Let us try the model without the winter feature
set.seed(7)
model = naiveBayes(Inspection_Results ~ City + Reason + RiskLevel + Type + SectionViolations, data=training)
# Predict using the model and the validation dataset
Predict <- predict(model,newdata = testing )
#Confusion matrix to check accuracy
cm <- table(Predict, testing$Inspection_Results )
sum(diag(cm)) / sum(cm) # Accuracy
[1] 0.7663113
rm(model, Predict, cm)
Almost no difference in accuracy. Assuming a simpler model is a better model, I will omit winter. I am skeptical of SectionViolations and will try the model without it.
set.seed(7)
model = naiveBayes(Inspection_Results ~ City + Reason + RiskLevel + Type, data=training)
# Predict using the model and the validation dataset
Predict <- predict(model,newdata = testing )
#Confusion matrix to check accuracy
cm <- table(Predict, testing$Inspection_Results )
(sum(cm) - sum(diag(cm))) / sum(cm) #Accuracy
[1] 0.4508559
rm(model, Predict, cm)
I was wrong!! SectionViolations is important! I will put SectionViolations back in as a feature but try to omit City.
set.seed(7)
model = naiveBayes(Inspection_Results ~ Reason + RiskLevel + Type + SectionViolations, data=training)
# Predict using the model and the validation dataset
Predict <- predict(model,newdata = testing )
#Confusion matrix to check accuracy
cm <- table(Predict, testing$Inspection_Results )
sum(diag(cm)) / sum(cm) # Accuracy
[1] 0.7664198
rm(model, Predict, cm)
It appears City has no impact on the model. Now I will try the model without Type
set.seed(7)
model = naiveBayes(Inspection_Results ~ Reason + RiskLevel + SectionViolations, data=training)
# Predict using the model and the validation dataset
Predict <- predict(model,newdata = testing )
#Confusion matrix to check accuracy
cm <- table(Predict, testing$Inspection_Results )
sum(diag(cm)) / sum(cm) # Accuracy
[1] 0.7748026
rm(model, Predict, cm)
Only marginal, but this model is the best so far. Maybe I need to do something with the Type with NA. Try the model with Type without NA’s
set.seed(7)
model = training %>%
filter(!is.na(Type)) %>%
naiveBayes(Inspection_Results ~ Reason + RiskLevel + SectionViolations + Type, data=.)
# Predict using the model and the validation dataset
Predict <- predict(model,newdata = testing )
#Confusion matrix to check accuracy
cm <- table(Predict, testing$Inspection_Results )
sum(diag(cm)) / sum(cm) # Accuracy
[1] 0.7483519
rm(model, Predict, cm)
As I suspected earlier, we lose something when Type of NA is omitted. I guess the NA’s are predictive, but Type still not helpful.
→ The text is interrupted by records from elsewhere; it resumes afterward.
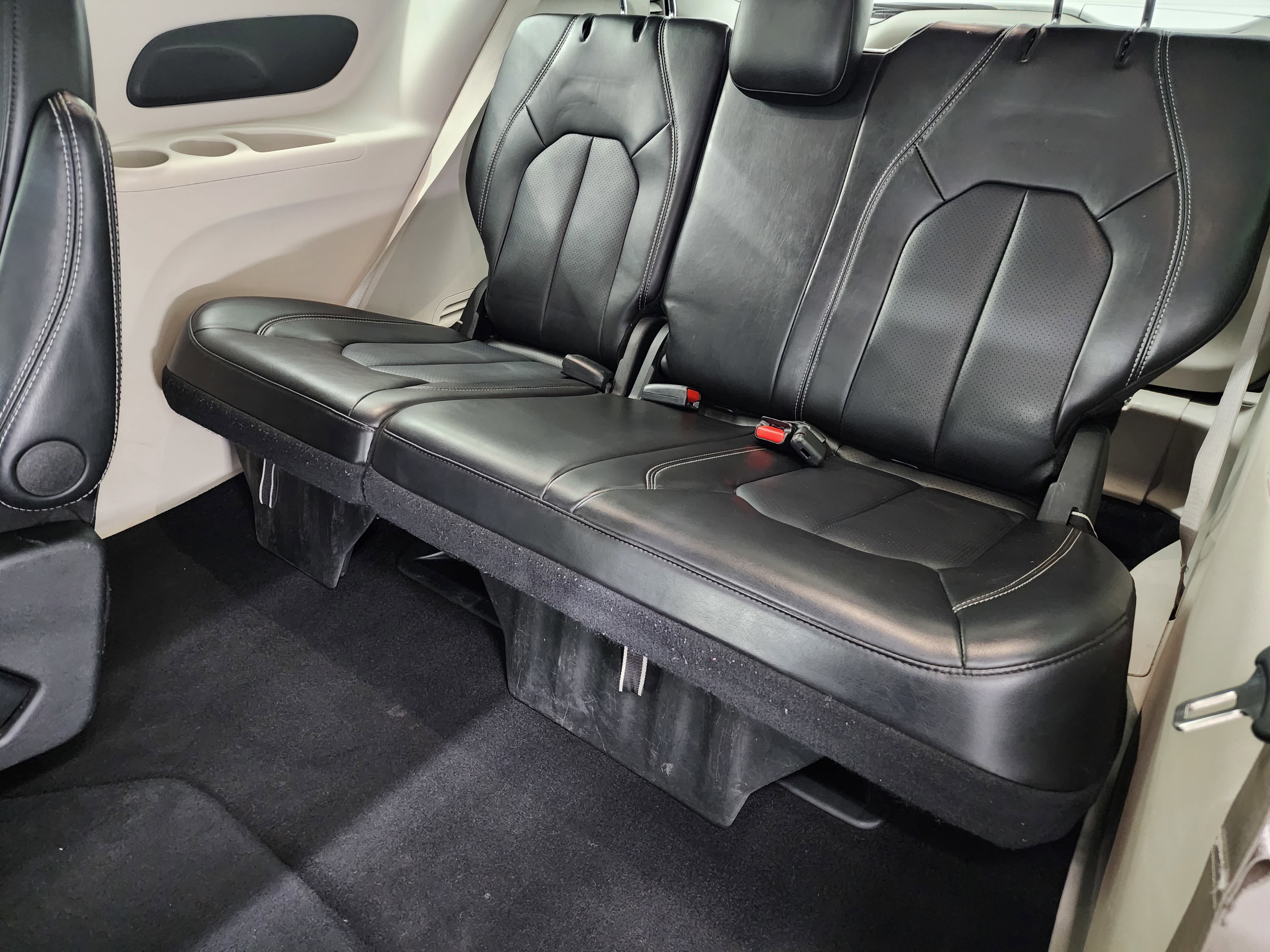 Used 2024 Chrysler Pacifica Touring-L FWD image 36
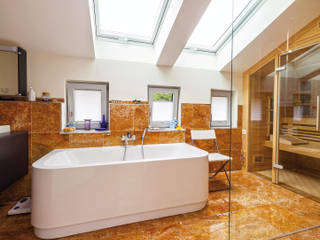 Traumhafte Aussichten , Haacke Haus GmbH Co. KG Haacke Haus GmbH Co. KG Mediterranean style bathroom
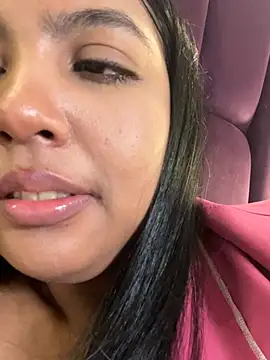 nicole fisherr online show from 07/14/26, 02:05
From what I tried, the best Naive Bayes model gets around 77% accuracy with the model = naiveBayes(Inspection_Results ~ Reason + RiskLevel + SectionViolations, data=training).
Just an aside, this “challenge” was on MachineHack but had ended before I found it. Of course it does not really matter since my results are not as good as the top models submitted to the challenge.